(Directions)
Directions for the data below: repeat exactly the lines from the one with "Kazar-Weiße-Tu" through the one with "Mamilla View- Suites", both included, and omit all pictures.

(Listed entries)
☆ ☆ ☆

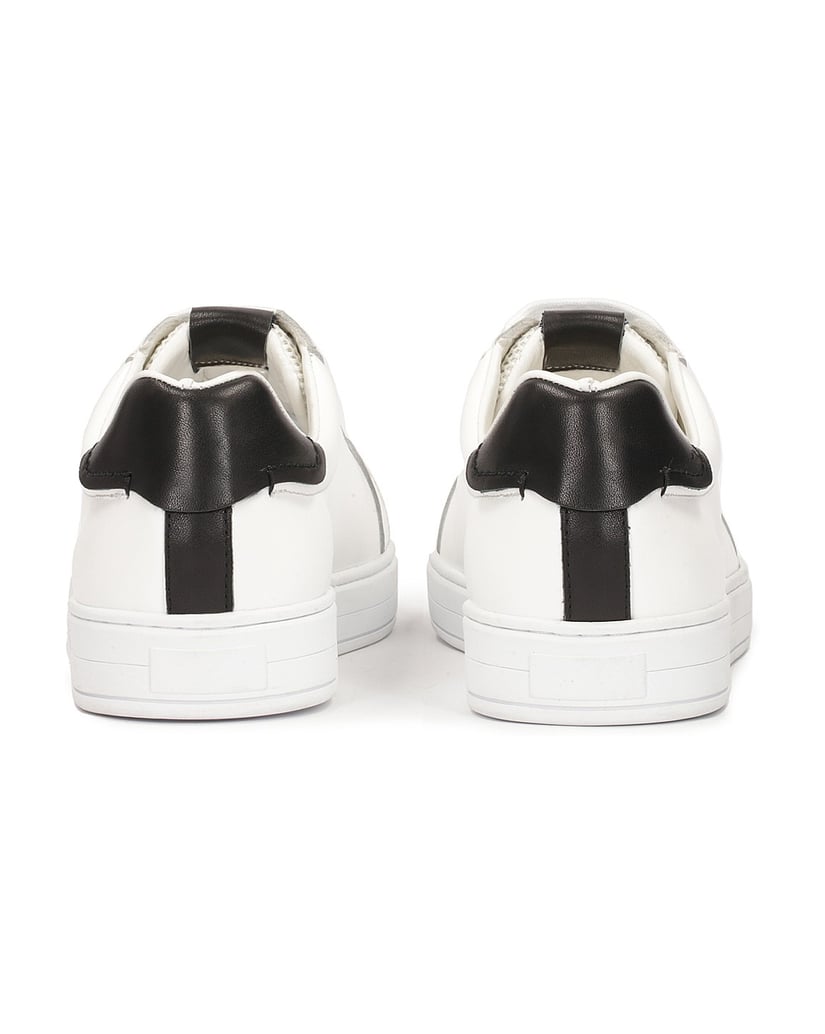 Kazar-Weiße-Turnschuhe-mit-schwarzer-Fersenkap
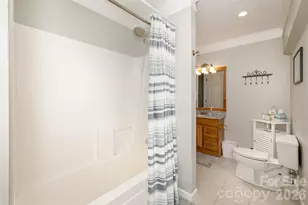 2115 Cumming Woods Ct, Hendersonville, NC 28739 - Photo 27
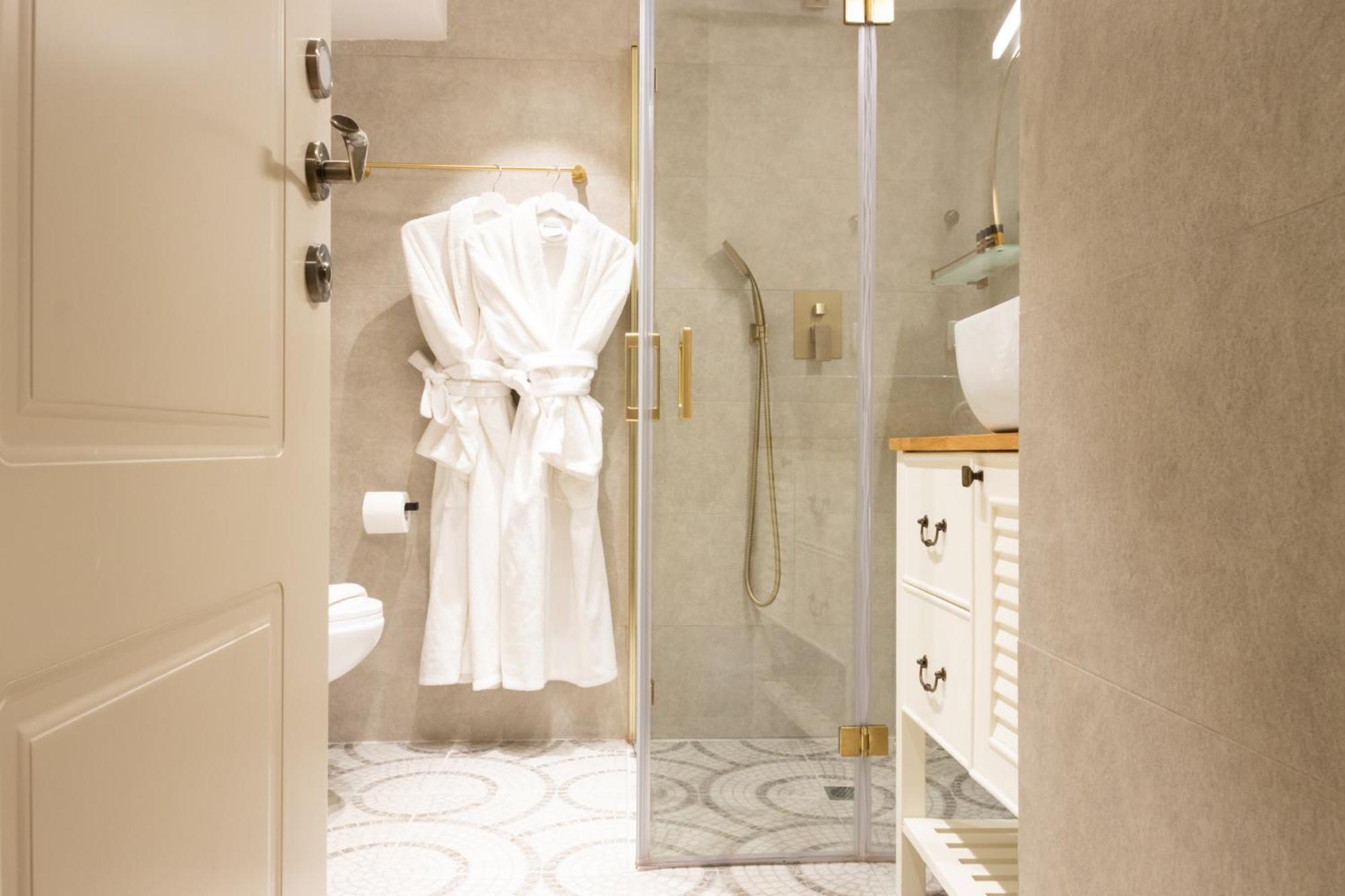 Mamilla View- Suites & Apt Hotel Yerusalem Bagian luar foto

☆ ☆ ☆

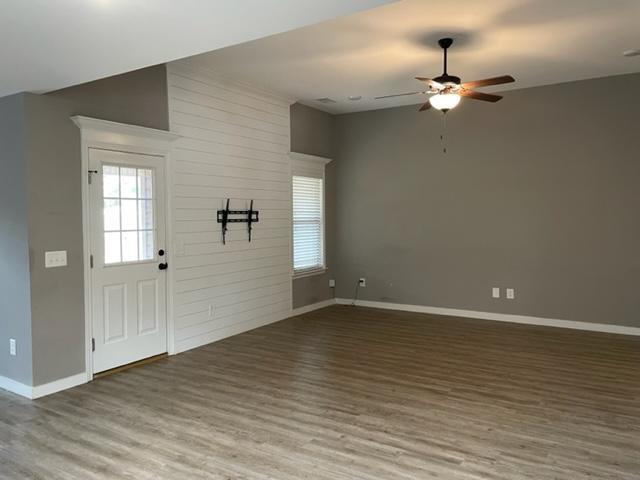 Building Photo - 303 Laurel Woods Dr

☆ ☆ ☆

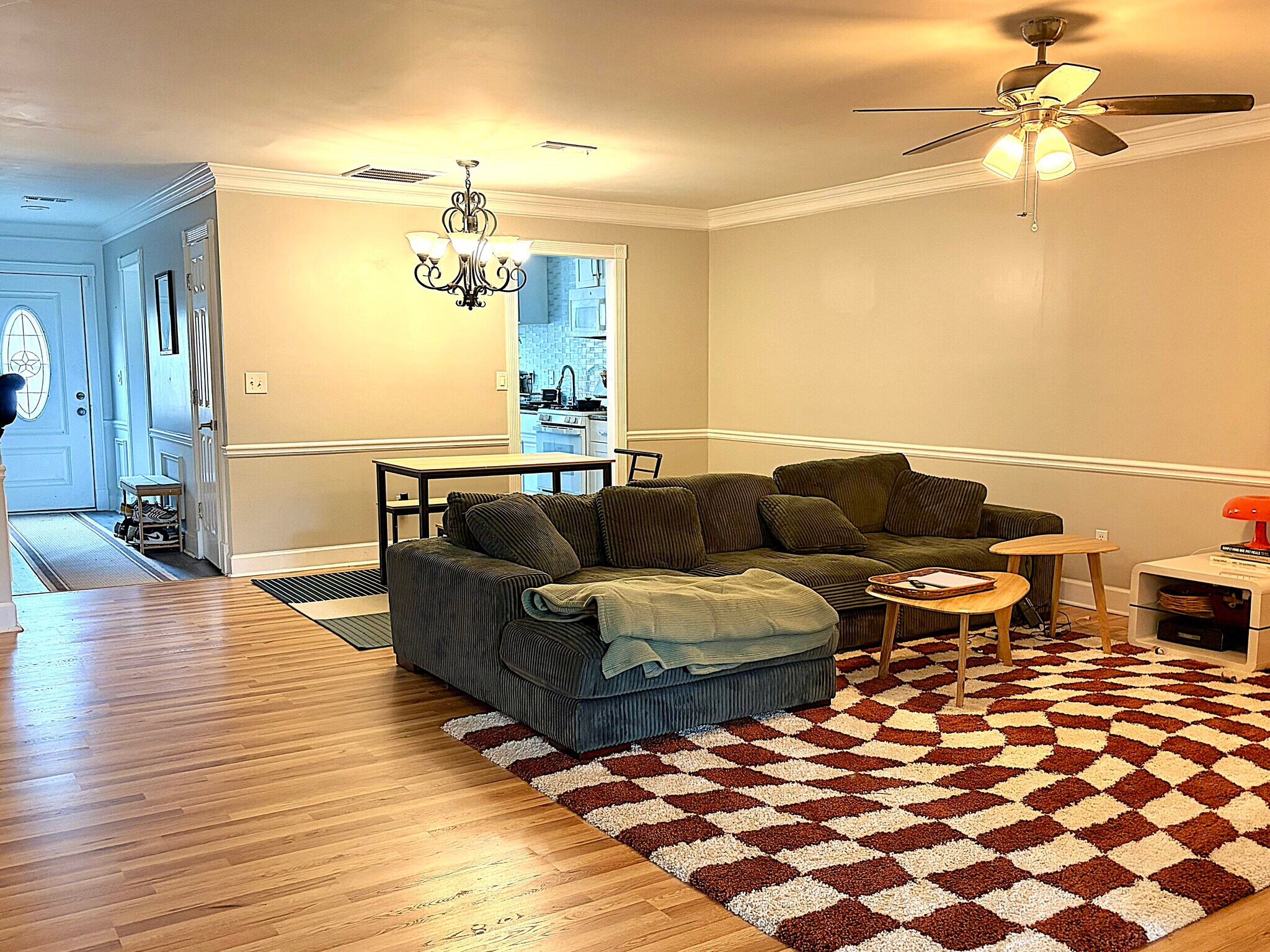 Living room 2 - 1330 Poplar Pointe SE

☆ ☆ ☆

(Reply to the task)
 Kazar-Weiße-Turnschuhe-mit-schwarzer-Fersenkap
 2115 Cumming Woods Ct, Hendersonville, NC 28739 - Photo 27
 Mamilla View- Suites & Apt Hotel Yerusalem Bagian luar foto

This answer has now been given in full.